It has long been clear that Republican presidential candidate Donald Trump is sexist and holds demeaning views of women. His bragging about sexually assaulting women, caught on tape in 2005 as he traveled on a bus to an appearance on “Days of Our Lives,” takes his misogyny to a new, unacceptable level.
Trump’s dismissal of his comments as “ locker room talk” during Sunday night’s presidential debate, during which he hulked behind Democratic candidate Hillary Clinton like a predator and taunted her with insults like a schoolyard bully, further highlight his warped view of women.
Republican men, including Indiana Gov. Mike Pence, Trump’s running mate, have condemned Trump’s comments as demeaning to their wives, daughters and mothers. They certainly are.
But Trump’s defense of his comments as “locker room talk” demeans men, too, as creatures who go through life viewing women — in Trump’s case, even his own daughter — as sex objects, evaluating their desirability by the size of their breasts and waists. Such a defense sends the message that bragging about sexual assault is standard male behavior. This crude caricature should offend decent men.
In the 2005 tape, Trump brags about being able to get away with sexual assault because he is famous. Sadly, he is right.
He is right because the man he brags to remains silent. Billy Bush’s behavior on the tape — he laughs at Trump’s comments, echoes them, condones them — is as vile as Trump’s. Bush has been suspended from the Today Show for his role in the 2005 incident; meanwhile, Trump continues to campaign for the presidency.
He’s right because our society allows judges to worry more about how jail will affect a star Stanford University swimmer or a male University of Colorado student than about how the rapes they committed damaged the lives of their victims.
He’s right because we let defense attorneys — and even judges — question what a rape victim was wearing or how many drinks she had. And we let a judge apply a more lenient sentence to a rapist because he was intoxicated and because he spoke of raising awareness among college students of the dangers of “excessive drinking and promiscuous sex.”

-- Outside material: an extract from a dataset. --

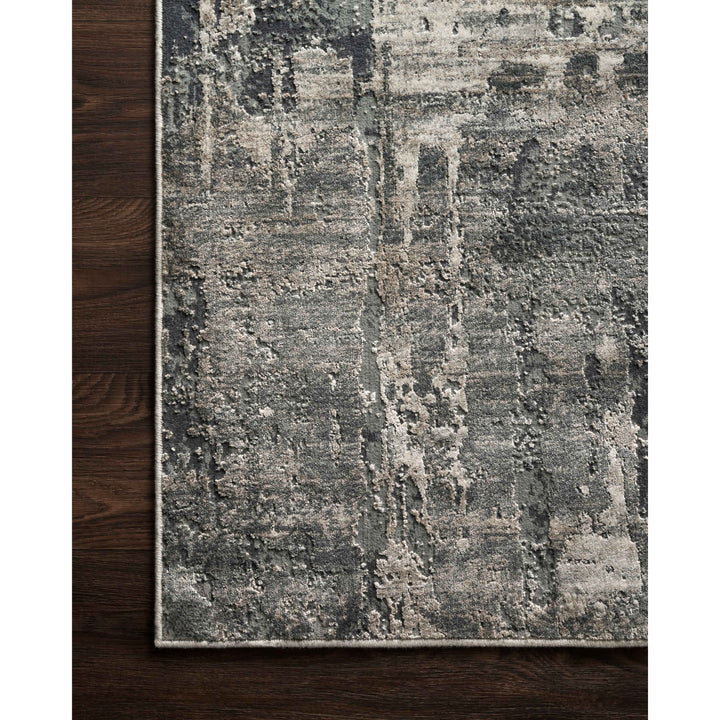 Loloi Cascade Ivory / Charcoal 6'-7" x 9'-2" Area Rug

They get away with it because we allow schools to send home girls who are dressed “inappropriately,” sending the message that girls are sex objects to be covered up because boys can’t — or shouldn’t learn how to — control their impulses.
Fortunately, there are men who are speaking out. “According to the National Sexual Violence Resource Center and the CDC, one in five women will be raped at some point in their lives,” Matt Jacobson, a Republican candidate for governor in 2010 wrote in a Facebook post this weekend.
“You have to ask yourself why. Why, in this country, does this level of sexual violence exist? It exists because we tolerate it,” his post continued. “It exists because we excuse the behavior. It exists because we accept an environment where men like Donald Trump can think of women the way he does, say what he does and then excuse it as ‘locker room banter.’ Make no mistake — the acts he described are assault. Nothing less.
“It has to stop … because we cannot tolerate this sort of environment.”
Trump’s repulsive view of women was revealed because he is running for president. There are many more men who think like Trump. Those who condemn Trump, especially men, can’t remain silent when their colleagues, friends or teammates say similar things, whether in a locker room, boardroom or lunchroom.
There can be no safe spaces for men to boast or fantasize about sexual assault — much less commit it.